I’ve been very irregular with the blogging over the past couple of months and I don’t see that changing in the near future. That’s not to say I haven’t written stuff…I have, some, just nothing I would care to share with anyone and nothing that seems to resonate with my blog title at this time. And so I’ve hidden myself away from from the Blogosphere and buried myself in books (The Armand Gamache series by Louise Penny which has grown on me), and Midsomer Murders DVDs (an old favorite & highly recommended for fans of Brit Whodunits :)). But here I am and what’s the first thing I see when I open my Dashboard – No Spam! You know something’s terribly wrong when even the Spammers leave! So consider this a desperate post from a stricken blogger, a frantic plea to all the spammers out there…do not abandon ship! Not yet! Never 😛
I’ve always tried to be optimistic and look at the bright side and I think I do a fairly decent job of it for the most part. Lately that’s just become not so much more difficult as exhausting. That’s what I feel most of the time now…exhausted. Exhausted from the constant bickering at home over trivial issues, from watching the people I love fade away and worse become unrecognizable when all I can do is watch, from the incessant rains that hide the Sun for days on end (how I yearn for a glimpse of sunshine!). You guessed it…just a general atmosphere of doom & gloom that I can’t quite seem to shirk. What’s worse is, it isn’t a good time for Photography (not in this light or lack thereof!), and that’s really pissing me off! Not the best time for Happy thoughts eh? I enjoy my time alone with the camera…it’s become rather an obsession akin to meditation actually. Early mornings, sitting on the porch, lens in hand…Me and the birds. That’s Bliss 🙂 You know how it is when you don’t start the day well don’t you? Everything sucks! The only thought that keeps me going is that this is a phase (a familiar one too!), and that the only way left is up! There…managed to squeeze out the one Happy thought. Perhaps the tide is turning?

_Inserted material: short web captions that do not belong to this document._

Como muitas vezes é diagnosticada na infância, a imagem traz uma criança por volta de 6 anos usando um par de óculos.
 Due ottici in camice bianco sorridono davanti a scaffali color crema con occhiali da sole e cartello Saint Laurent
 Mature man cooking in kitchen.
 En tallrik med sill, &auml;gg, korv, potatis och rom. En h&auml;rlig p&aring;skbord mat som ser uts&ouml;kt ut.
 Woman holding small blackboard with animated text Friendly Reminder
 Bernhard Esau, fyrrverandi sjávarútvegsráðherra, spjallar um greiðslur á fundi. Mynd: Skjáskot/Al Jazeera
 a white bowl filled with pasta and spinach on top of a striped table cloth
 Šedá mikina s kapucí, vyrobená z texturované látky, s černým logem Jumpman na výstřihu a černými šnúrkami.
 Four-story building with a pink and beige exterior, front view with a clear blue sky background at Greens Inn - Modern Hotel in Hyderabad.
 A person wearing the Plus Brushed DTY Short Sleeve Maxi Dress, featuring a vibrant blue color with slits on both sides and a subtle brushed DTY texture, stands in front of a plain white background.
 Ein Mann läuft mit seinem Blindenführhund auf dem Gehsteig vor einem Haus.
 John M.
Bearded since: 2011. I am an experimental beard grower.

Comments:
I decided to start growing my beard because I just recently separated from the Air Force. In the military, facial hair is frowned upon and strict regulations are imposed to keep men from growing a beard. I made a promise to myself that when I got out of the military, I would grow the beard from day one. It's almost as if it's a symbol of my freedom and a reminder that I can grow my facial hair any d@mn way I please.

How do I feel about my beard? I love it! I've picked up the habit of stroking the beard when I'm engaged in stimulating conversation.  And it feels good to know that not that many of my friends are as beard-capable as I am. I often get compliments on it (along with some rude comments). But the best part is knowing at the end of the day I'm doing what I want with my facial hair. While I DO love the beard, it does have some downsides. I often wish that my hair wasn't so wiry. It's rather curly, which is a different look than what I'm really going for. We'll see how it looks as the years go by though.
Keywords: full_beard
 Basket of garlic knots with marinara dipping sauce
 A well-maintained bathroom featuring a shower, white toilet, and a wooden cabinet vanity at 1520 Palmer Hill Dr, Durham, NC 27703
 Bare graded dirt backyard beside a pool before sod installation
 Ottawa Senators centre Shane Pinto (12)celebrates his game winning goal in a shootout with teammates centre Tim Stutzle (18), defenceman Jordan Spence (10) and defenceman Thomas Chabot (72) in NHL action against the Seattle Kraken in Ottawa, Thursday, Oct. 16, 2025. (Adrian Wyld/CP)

Yesterday, after a long time, a poem came to me. A Happy poem I mean. One that didn’t make me want to dismiss the words, into the dark corners of my brain and hope they’d forever vanish into that particular abyss! Like most Happy things these days it’s courtesy Ishaan :), who always manages to be exasperating, annoying and uplifting, all at the same time! Although I don’t see why I should be surprised…he has an excellent teacher 😉
So, this is me, trying once again to write myself into Happiness and what do you know…once again, seems to have worked 🙂 For now. It seemed appropriate to call this one ‘Happiness’, but suggestions are welcome 🙂
Head bowed and eyes shut,
Deeply I inhale the familiar fragrance.
Part honeysuckle, part coffee,
A little drool, part toffee!
It envelops and lingers,
Around the curves of my face.
Clings to the hollow in my throat,
A halo around my head,
And delves into the depths of my heart,
Settling there, its rightful home.
Warm, welcoming and human,
Made from dewy eyelashes and tousled hair,
From pixie ears and salty tears.
It is the scent of my flesh and of the earth,
Everlasting, ethereal, bewitching.
It is mine. My own scent of Happiness.
Head bowed and eyes shut,
Deeply I inhale the familiar fragrance!